For the next 31 days, the City will highlight significant spaces and places in preservation to celebrate, in a variety of fun and engaging ways, the impact of Huntsville’s historic districts.

“This is our third year to recognize the buildings and places that matter most to us and the people who’ve been instrumental in saving them for future generations to enjoy,” said Mayor Battle.

Protecting the character of historic structures within designated districts is entrusted to the City, its Preservationist Katie Stamps, and members of the Huntsville Historic Preservation Commission (HHPC).

“The City may be responsible for guiding and overseeing restorations…but it takes passion from the owners to commit time and resources to save these homes.”

“Huntsville’s historic districts are special, and they contribute to the city’s sense of place and local economy. These districts were built by our ancestors and deserved to be preserved for future generations,” said Stamps.

The annual #ThisPlaceMattersHsv campaign gives the community the opportunity to appreciate and learn more about the places that matter in our community, according to Stamps.

Mayor Battle believes preservation allows us to showcase our history, one that includes public and private enthusiasm and commitment.

“We’re standing today in front of some of the best preserved Victorian and Queen Anne homes from the last quarter of the 19th century,” said Mayor Battle. “The City may be responsible for guiding and overseeing the restorations of these properties, but it also takes passion from the owners to commit their time and resources to save these homes.”

Helping to showcase preservation efforts throughout the month with the City and HHPC will be the Historic Huntsville Foundation, community members from the historic districts and local preservation efforts.

Huntsville has eight historic districts listed on the National Register with two more under consideration.

“The rocket scientists and engineers that came to Huntsville during the1950s and 1960s change the course of human history, and they made their mark on Huntsville’s landscape as well.”

“By the end of 2018 Mcthornmor Acres, Huntsville’s first Space Age historic district, will become the City’s 9th historic district,” said HHPC Chair Mike Holbrook.  “In March of this year, the City was awarded a Certified Local Government grant from the Alabama Historical Commission to survey the Edmonton Heights neighborhood, a historically African American residential neighborhood with close ties to Alabama A&M University.”
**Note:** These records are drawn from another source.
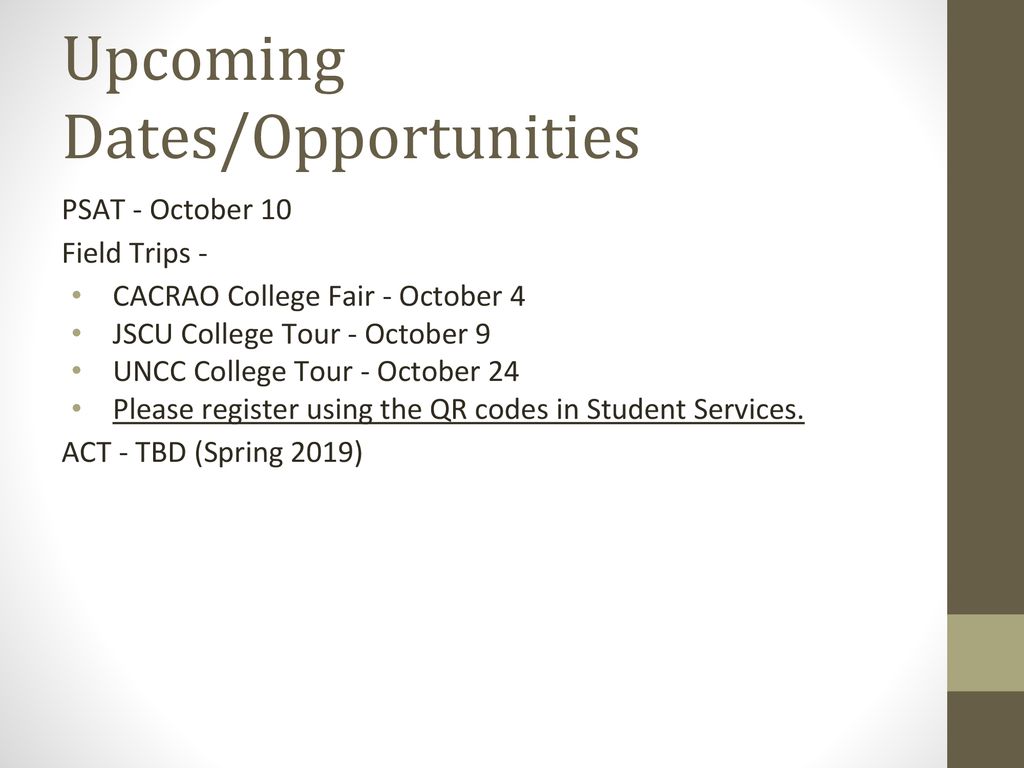 Junior Information Session - ppt download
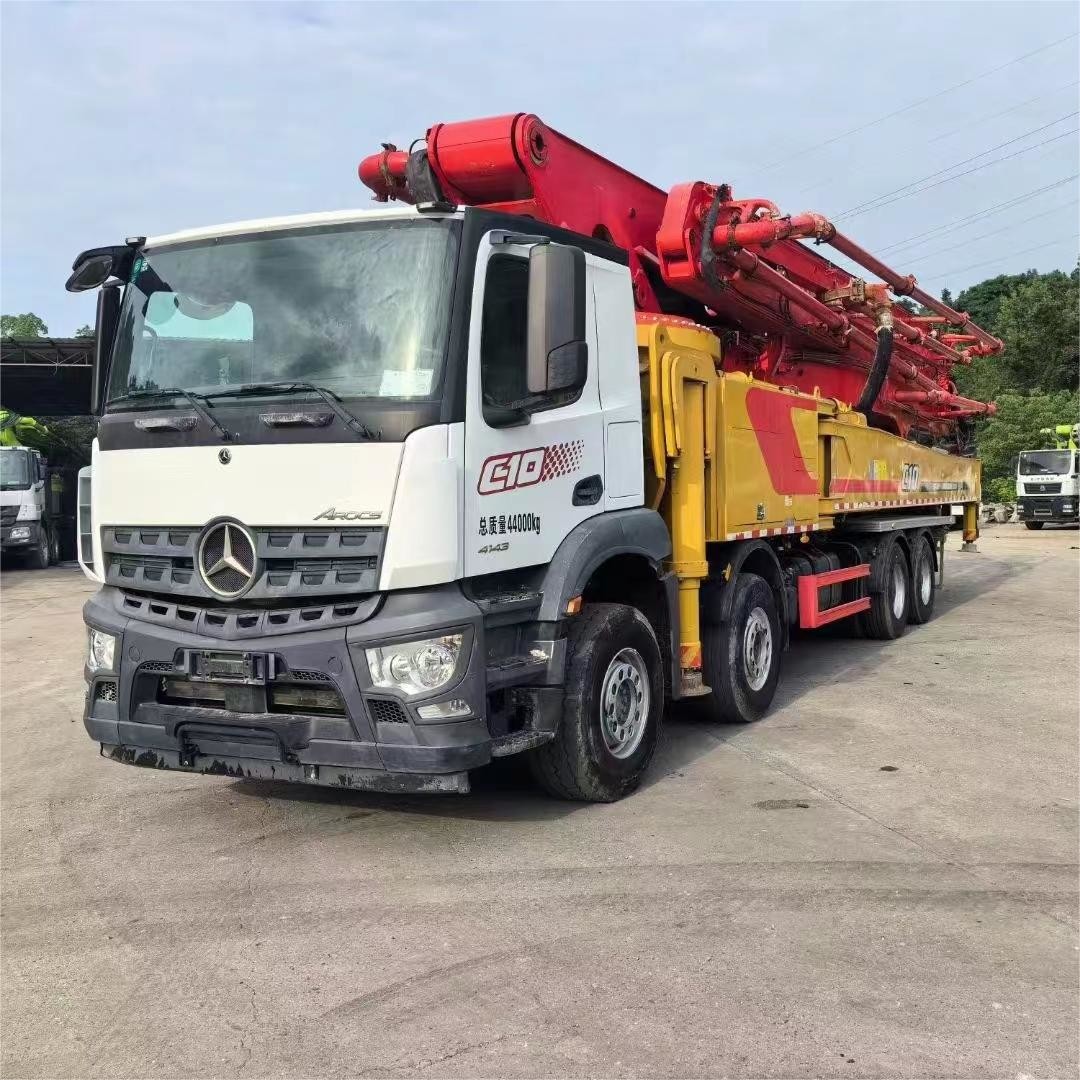 SANY Mercedes Chassis 62M 2021 2020 Affordable Sany Zoomlion Concrete Pump Truck in Good Condition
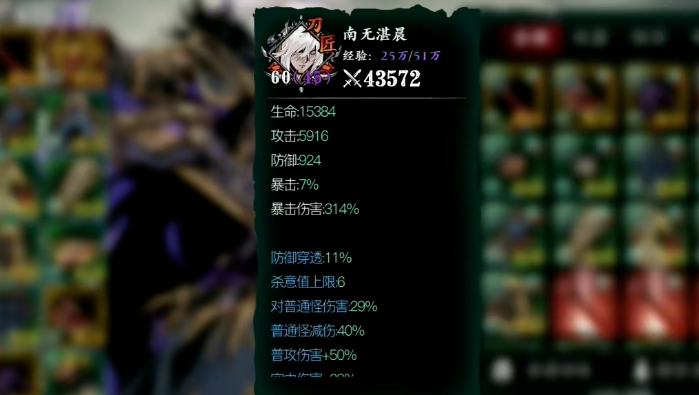 影之刃3练度什么意思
This exciting development for preservation would not have been possible without the support of the Huntsville Historic Foundation. This organization has been instrumental in providing grant funding and grant writing resources for preservation. HHF Executive Director Donna Castellano believes the progression of Huntsville’s architecture reflects the city’s transition from agrarian roots to space age capital.

“The rocket scientists and engineers that came to Huntsville during the1950s and 1960s change the course of human history, and they made their mark on Huntsville’s landscape as well. Today, the houses and neighborhoods built for our space age work force should be recognized for their historic significance to Huntsville and our national history,” said Castellano.

What’s Happening in May #ThisPlaceMattersHsv

Historic Chat – Facebook Live, May 10, 2 p.m.
Dennis Madsen, the City’s Manager of Long Range Planning joins City Preservationist Katie Stamps in a Five Points Historic District home to discuss the #ThisPlaceMattersHsv campaign and the vital role historic districts play within the city.

Historic Property Recognitions
Throughout May, the City will recognize different properties within each historic district to illustrate how these special places matter to the Huntsville community.  Look for the #ThisPlaceMattersHsv yard signs placed by the City Preservationist and Huntsville Historic Preservation Commission and follow their photo essays on social media.

Talk, Walk & Toast
Preservation Month activities will culminate with a Talk, Walk & Toast event on May 22, at 5:30 p.m. Evening festivities will begin with a panel talk at Holmes Street United Methodist Church on the successes and challenges of Huntsville’s historic districts. Moderated by Lee Roop of AL.com, panelists include Donna Castellano, Executive Director of Historic Huntsville Foundation; Mike Holbrook, Chairman of Huntsville Historic Preservation Commission; Joseph Lee, Community Development Specialist for Central Alabama Regional Planning and Development Commission; and Caroline Swope, Principal at Kingstree Studios Cultural Resource Management.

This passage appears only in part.